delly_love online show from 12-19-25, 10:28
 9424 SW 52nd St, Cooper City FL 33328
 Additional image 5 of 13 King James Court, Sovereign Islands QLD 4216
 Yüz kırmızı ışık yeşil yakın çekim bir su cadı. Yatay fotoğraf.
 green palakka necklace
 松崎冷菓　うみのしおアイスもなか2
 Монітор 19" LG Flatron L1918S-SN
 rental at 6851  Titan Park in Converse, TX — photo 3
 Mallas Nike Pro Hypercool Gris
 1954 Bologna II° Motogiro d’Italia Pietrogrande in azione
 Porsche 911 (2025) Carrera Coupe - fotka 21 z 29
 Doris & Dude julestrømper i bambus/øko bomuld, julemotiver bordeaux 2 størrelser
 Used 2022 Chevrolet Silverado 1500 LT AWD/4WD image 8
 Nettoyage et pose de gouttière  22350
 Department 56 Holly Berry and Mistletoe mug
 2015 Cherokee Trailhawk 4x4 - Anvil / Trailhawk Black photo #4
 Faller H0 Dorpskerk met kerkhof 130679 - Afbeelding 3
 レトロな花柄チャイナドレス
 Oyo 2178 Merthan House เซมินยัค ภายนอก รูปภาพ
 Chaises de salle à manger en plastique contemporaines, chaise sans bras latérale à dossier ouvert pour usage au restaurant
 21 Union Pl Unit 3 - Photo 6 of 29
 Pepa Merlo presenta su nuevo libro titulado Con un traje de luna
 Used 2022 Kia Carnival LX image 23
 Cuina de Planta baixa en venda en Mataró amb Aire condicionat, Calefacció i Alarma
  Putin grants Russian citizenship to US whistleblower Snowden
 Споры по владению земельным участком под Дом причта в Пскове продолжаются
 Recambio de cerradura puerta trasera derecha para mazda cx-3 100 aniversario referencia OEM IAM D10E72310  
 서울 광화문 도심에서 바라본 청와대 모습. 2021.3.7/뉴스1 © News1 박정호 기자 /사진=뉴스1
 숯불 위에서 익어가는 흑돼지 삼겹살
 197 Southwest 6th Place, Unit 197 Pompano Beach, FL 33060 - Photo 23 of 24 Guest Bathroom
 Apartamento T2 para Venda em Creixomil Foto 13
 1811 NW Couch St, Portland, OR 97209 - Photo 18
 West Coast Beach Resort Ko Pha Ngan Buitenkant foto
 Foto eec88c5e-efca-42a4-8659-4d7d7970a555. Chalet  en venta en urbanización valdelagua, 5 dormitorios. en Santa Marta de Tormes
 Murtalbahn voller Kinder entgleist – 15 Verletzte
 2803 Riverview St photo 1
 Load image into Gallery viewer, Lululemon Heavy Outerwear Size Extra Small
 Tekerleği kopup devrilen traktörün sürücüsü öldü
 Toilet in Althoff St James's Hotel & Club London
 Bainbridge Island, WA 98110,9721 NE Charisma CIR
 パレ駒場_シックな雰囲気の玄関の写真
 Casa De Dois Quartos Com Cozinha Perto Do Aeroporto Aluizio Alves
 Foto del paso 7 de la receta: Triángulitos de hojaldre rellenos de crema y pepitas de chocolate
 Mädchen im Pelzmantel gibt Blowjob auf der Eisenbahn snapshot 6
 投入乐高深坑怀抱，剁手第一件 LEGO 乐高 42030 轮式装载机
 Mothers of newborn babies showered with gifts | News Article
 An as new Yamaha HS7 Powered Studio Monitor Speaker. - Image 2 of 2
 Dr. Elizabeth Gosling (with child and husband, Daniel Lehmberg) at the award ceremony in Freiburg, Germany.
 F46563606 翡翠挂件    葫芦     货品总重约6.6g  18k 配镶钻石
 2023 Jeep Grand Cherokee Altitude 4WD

-- -- --

Task directions: Please print the listing exactly, keeping each line as it is.

Your solution:
delly_love online show from 12-19-25, 10:28
 9424 SW 52nd St, Cooper City FL 33328
 Additional image 5 of 13 King James Court, Sovereign Islands QLD 4216
 Yüz kırmızı ışık yeşil yakın çekim bir su cadı. Yatay fotoğraf.
 green palakka necklace
 松崎冷菓　うみのしおアイスもなか2
 Монітор 19" LG Flatron L1918S-SN
 rental at 6851  Titan Park in Converse, TX — photo 3
 Mallas Nike Pro Hypercool Gris
 1954 Bologna II° Motogiro d’Italia Pietrogrande in azione
 Porsche 911 (2025) Carrera Coupe - fotka 21 z 29
 Doris & Dude julestrømper i bambus/øko bomuld, julemotiver bordeaux 2 størrelser
 Used 2022 Chevrolet Silverado 1500 LT AWD/4WD image 8
 Nettoyage et pose de gouttière  22350
 Department 56 Holly Berry and Mistletoe mug
 2015 Cherokee Trailhawk 4x4 - Anvil / Trailhawk Black photo #4
 Faller H0 Dorpskerk met kerkhof 130679 - Afbeelding 3
 レトロな花柄チャイナドレス
 Oyo 2178 Merthan House เซมินยัค ภายนอก รูปภาพ
 Chaises de salle à manger en plastique contemporaines, chaise sans bras latérale à dossier ouvert pour usage au restaurant
 21 Union Pl Unit 3 - Photo 6 of 29
 Pepa Merlo presenta su nuevo libro titulado Con un traje de luna
 Used 2022 Kia Carnival LX image 23
 Cuina de Planta baixa en venda en Mataró amb Aire condicionat, Calefacció i Alarma
  Putin grants Russian citizenship to US whistleblower Snowden
 Споры по владению земельным участком под Дом причта в Пскове продолжаются
 Recambio de cerradura puerta trasera derecha para mazda cx-3 100 aniversario referencia OEM IAM D10E72310  
 서울 광화문 도심에서 바라본 청와대 모습. 2021.3.7/뉴스1 © News1 박정호 기자 /사진=뉴스1
 숯불 위에서 익어가는 흑돼지 삼겹살
 197 Southwest 6th Place, Unit 197 Pompano Beach, FL 33060 - Photo 23 of 24 Guest Bathroom
 Apartamento T2 para Venda em Creixomil Foto 13
 1811 NW Couch St, Portland, OR 97209 - Photo 18
 West Coast Beach Resort Ko Pha Ngan Buitenkant foto
 Foto eec88c5e-efca-42a4-8659-4d7d7970a555. Chalet  en venta en urbanización valdelagua, 5 dormitorios. en Santa Marta de Tormes
 Murtalbahn voller Kinder entgleist – 15 Verletzte
 2803 Riverview St photo 1
 Load image into Gallery viewer, Lululemon Heavy Outerwear Size Extra Small
 Tekerleği kopup devrilen traktörün sürücüsü öldü
 Toilet in Althoff St James's Hotel & Club London
 Bainbridge Island, WA 98110,9721 NE Charisma CIR
 パレ駒場_シックな雰囲気の玄関の写真
 Casa De Dois Quartos Com Cozinha Perto Do Aeroporto Aluizio Alves
 Foto del paso 7 de la receta: Triángulitos de hojaldre rellenos de crema y pepitas de chocolate
 Mädchen im Pelzmantel gibt Blowjob auf der Eisenbahn snapshot 6
 投入乐高深坑怀抱，剁手第一件 LEGO 乐高 42030 轮式装载机
 Mothers of newborn babies showered with gifts | News Article
 An as new Yamaha HS7 Powered Studio Monitor Speaker. - Image 2 of 2
 Dr. Elizabeth Gosling (with child and husband, Daniel Lehmberg) at the award ceremony in Freiburg, Germany.
 F46563606 翡翠挂件    葫芦     货品总重约6.6g  18k 配镶钻石
 2023 Jeep Grand Cherokee Altitude 4WD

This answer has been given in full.